First, the study exploits newly digitised weekly death registers for England and Wales. The authors document a sharp decline in infant mortality rates (IMR) of 17 % (approximately 6.5 fewer deaths per 1,000 live births) and an 8 % reduction in stillbirths immediately after the NHS began. Cause‑specific analysis shows that the decline is driven primarily by reductions in deaths from diarrhoea (34 % drop among children under two) and congenital conditions, with smaller but meaningful decreases in premature birth, birth injuries, and haemolytic disorders. No substantial change in maternal mortality is observed.

Second, the paper links these demographic outcomes to genetic data from three large, nationally representative cohorts: the UK Biobank (UKB), the English Longitudinal Study of Ageing (ELSA), and Understanding Society (USoC). For each individual, polygenic indexes (PGIs) for a range of traits—derived from genome‑wide association studies—serve as fixed‑at‑conception measures of genetic propensity. Comparing pre‑ and post‑NHS birth cohorts, the authors find that post‑NHS cohorts have higher average PGIs for “contextually adverse” traits such as depression, chronic obstructive pulmonary disease (COPD), and preterm birth, and lower average PGIs for “contextually favourable” traits such as educational attainment, self‑rated health, and pregnancy length. Effect sizes reach up to 0.075 standard deviations, a magnitude comparable to the impact of major socioeconomic interventions.

Robustness checks include (i) family‑fixed‑effects models using sibling pairs in UKB, which confirm that the observed PGI shifts persist when controlling for shared parental background; (ii) exclusion of selective fertility mechanisms by showing no significant changes in crude birth rates, birth order, or sibling counts around the cutoff; (iii) heterogeneity analyses that reveal larger genetic shifts in regions with higher pre‑NHS infant mortality (i.e., more socio‑economically disadvantaged areas) and among male infants, consistent with the “male frailty” hypothesis.

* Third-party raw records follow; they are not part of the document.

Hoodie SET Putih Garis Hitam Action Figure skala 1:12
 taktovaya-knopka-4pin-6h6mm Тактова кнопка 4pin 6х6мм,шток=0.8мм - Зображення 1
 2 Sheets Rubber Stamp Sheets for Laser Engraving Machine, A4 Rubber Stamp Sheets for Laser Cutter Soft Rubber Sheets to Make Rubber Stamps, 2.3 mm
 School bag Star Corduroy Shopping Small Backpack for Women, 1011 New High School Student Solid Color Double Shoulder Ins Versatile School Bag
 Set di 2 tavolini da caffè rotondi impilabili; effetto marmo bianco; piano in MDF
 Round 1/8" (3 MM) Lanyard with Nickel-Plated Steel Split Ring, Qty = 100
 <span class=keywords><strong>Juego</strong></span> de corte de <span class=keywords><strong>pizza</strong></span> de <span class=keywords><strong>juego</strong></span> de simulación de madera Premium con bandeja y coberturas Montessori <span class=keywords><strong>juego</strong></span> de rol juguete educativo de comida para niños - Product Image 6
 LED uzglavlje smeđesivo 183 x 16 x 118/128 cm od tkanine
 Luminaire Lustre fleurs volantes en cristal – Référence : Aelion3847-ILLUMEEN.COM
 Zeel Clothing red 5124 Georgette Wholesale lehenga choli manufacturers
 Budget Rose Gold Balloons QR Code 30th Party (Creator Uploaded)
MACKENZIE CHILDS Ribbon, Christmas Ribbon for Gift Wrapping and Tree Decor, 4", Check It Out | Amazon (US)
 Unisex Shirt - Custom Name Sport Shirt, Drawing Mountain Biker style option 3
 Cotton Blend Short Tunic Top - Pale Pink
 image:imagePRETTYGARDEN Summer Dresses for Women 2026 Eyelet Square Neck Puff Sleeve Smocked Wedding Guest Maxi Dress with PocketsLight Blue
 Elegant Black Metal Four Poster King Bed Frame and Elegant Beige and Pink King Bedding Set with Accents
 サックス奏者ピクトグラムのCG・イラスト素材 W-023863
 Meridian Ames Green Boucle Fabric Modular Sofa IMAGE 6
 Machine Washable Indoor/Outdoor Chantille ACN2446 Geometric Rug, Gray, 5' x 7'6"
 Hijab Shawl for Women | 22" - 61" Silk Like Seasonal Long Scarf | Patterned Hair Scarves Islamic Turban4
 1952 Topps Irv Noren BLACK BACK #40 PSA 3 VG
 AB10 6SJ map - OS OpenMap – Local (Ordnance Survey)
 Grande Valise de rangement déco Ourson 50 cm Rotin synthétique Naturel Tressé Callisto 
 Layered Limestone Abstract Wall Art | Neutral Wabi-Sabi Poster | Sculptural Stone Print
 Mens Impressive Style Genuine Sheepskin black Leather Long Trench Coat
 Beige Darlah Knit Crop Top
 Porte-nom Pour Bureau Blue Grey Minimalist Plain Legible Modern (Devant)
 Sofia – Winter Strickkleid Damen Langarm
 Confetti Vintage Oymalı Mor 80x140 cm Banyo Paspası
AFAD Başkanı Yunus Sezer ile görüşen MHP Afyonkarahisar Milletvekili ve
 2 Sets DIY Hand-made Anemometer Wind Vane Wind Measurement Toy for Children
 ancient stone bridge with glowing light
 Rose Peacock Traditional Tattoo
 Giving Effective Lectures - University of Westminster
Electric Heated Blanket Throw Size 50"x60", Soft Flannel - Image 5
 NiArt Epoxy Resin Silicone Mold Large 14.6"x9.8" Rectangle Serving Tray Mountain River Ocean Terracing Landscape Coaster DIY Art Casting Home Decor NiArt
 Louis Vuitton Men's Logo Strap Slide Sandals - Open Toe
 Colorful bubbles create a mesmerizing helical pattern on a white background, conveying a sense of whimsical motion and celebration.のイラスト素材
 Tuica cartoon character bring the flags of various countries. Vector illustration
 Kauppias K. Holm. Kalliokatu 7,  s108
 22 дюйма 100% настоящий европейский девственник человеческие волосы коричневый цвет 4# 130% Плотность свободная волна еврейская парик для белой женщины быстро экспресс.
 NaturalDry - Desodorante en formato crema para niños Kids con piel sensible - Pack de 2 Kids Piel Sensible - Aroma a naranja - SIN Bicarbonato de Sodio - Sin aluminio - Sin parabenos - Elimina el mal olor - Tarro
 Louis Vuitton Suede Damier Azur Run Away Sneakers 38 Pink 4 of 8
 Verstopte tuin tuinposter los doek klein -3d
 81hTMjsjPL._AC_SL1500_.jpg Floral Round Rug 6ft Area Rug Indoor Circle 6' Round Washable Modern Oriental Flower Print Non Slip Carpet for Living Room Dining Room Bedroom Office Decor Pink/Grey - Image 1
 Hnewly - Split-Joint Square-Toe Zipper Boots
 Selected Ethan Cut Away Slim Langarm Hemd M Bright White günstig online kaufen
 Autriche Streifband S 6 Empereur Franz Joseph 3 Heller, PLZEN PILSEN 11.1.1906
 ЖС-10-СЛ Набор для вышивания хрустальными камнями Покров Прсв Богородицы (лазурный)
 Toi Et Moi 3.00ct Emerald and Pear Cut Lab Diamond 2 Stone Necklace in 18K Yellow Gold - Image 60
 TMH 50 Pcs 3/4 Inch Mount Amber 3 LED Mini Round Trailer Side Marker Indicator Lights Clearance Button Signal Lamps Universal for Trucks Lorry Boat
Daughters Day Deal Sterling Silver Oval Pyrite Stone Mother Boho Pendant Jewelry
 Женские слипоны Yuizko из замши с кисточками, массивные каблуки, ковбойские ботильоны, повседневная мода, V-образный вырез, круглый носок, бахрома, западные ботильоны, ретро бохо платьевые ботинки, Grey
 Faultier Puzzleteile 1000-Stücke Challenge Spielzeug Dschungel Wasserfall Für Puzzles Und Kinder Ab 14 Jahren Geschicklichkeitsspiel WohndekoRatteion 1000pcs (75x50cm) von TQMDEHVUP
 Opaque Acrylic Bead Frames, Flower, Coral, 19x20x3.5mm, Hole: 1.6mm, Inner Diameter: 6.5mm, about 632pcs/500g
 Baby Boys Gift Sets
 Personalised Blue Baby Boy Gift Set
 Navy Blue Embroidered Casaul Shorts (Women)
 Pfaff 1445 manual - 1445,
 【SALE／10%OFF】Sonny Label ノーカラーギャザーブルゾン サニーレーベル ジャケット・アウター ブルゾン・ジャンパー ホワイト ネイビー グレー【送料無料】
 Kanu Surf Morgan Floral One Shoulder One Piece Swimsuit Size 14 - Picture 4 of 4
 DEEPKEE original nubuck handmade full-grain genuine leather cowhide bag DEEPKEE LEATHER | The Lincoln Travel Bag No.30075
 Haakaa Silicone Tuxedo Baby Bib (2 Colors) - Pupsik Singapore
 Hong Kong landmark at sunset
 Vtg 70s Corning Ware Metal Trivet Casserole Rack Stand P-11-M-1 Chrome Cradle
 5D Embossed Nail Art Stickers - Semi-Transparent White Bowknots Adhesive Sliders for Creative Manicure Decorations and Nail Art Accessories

The authors argue that these findings constitute direct evidence of selective survival: the NHS expanded access to medical care, allowing infants who would otherwise have died—particularly those with genetic predispositions to poorer health outcomes—to survive, thereby altering the genetic distribution of the population. This selection bias has important implications for any long‑term evaluation of early‑life policies, because subsequent outcomes measured only among survivors may be systematically distorted.

Methodologically, the paper combines high‑resolution historical mortality data with modern genomic datasets, applies rigorous RDD identification strategies, and validates results across multiple independent samples. Limitations include the context‑dependence of PGI interpretation (PGIs do not measure absolute “fitness”) and the inability to trace long‑term adult outcomes directly within the same framework. Nonetheless, the study provides the first causal estimate of a major health policy’s impact on the genetic makeup of a population, opening avenues for future research on policy‑induced genetic selection in other settings and over longer horizons.